Some stones will pass spontaneously, some stones can be fragmented with lithotripsy, and other stones can be safely observed. However some stones do need to be removed by means of an operation. The decision to go ahead with surgery depends on a number of factors including symptoms and the risk of developing problems caused by the stone. The type of operation depends on the size and location of the stone(s). However, with modern techniques, and the latest technology at our disposal, stone surgery at Newcastle Urology is minimally invasive with a quick return to normal activities.
Contact: (0191) 213 7001 – Sister or Nurse in Charge, Ward 1, Freeman Hospital
Whilst the majority of small kidney stones can be treated using the shock wave machine (Lithotriptor), large stones are not suitable for this form of treatment and require removal by means of an operating telescope (PCNL).
There are other situations where relatively small kidney stones may require surgical treatment rather than Lithotripsy, for instance if the stone is difficult to see on x-ray or if it is particularly hard. Even if large kidney stones do not cause symptoms they still require treatment, as we know from experience that left untreated patients eventually run into difficulties.
To help the urologist to decide what is the best treatment for your kidney stones, x-rays will have been taken and these will have been reviewed by a team of urologists and radiologists (x-ray doctors). Your case will have been discussed to ensure there is general agreement that surgery is the correct form of treatment for your stone(s).

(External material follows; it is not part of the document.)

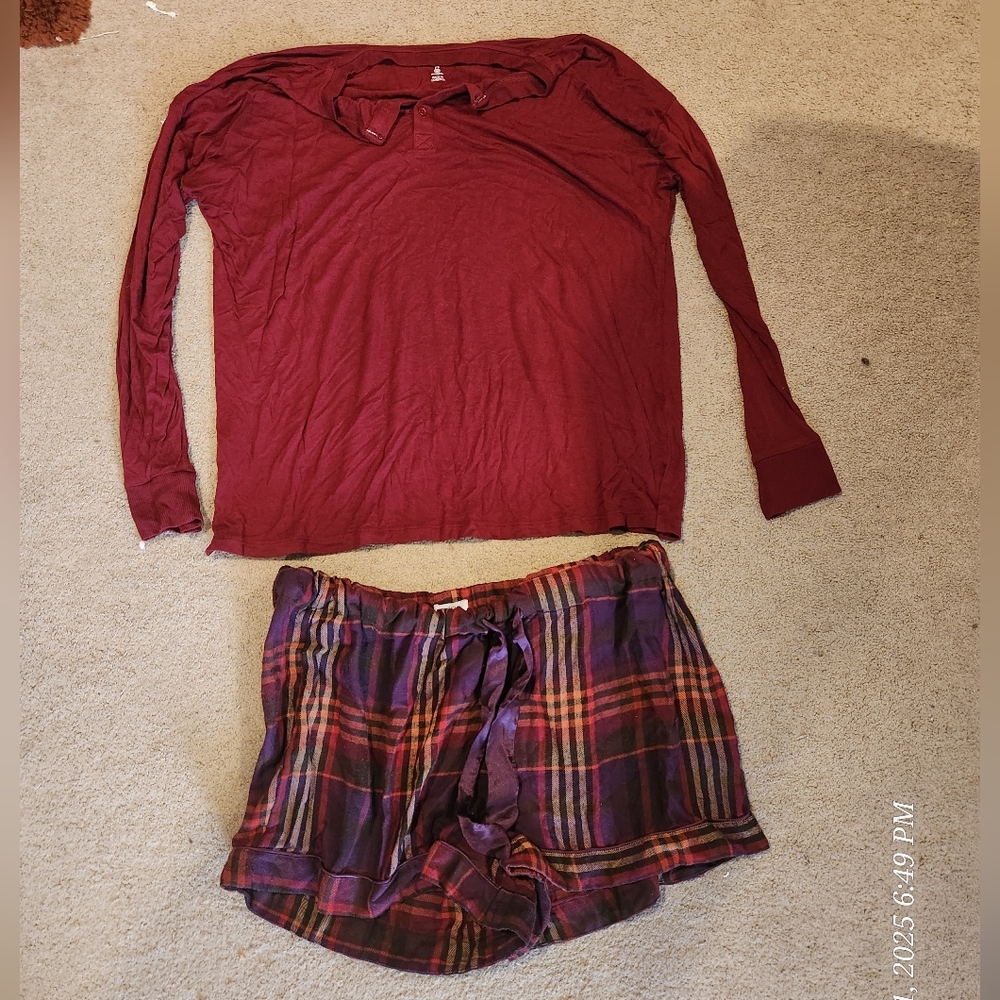 Dip Burgundy Sleepwear Top And Short Bottoms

Routine urine and blood tests will have been taken from the clinic to ensure the kidneys are functioning normally and that there is no infection.
You need to be ready for a 5 day stay in hospital, although you may be able to leave after 2 or 3 days. You should anticipate a two week period of convalescence at home before you are able to get back to a full range of normal activities.
If you are taking blood thinning medication such as warfarin this will need to be discontinued prior to surgery. On the morning of the operation you change into a gown and you will be pushed to the operating room on a trolley. The anaesthetist will then put you to sleep, usually by an injection in the back of your hand.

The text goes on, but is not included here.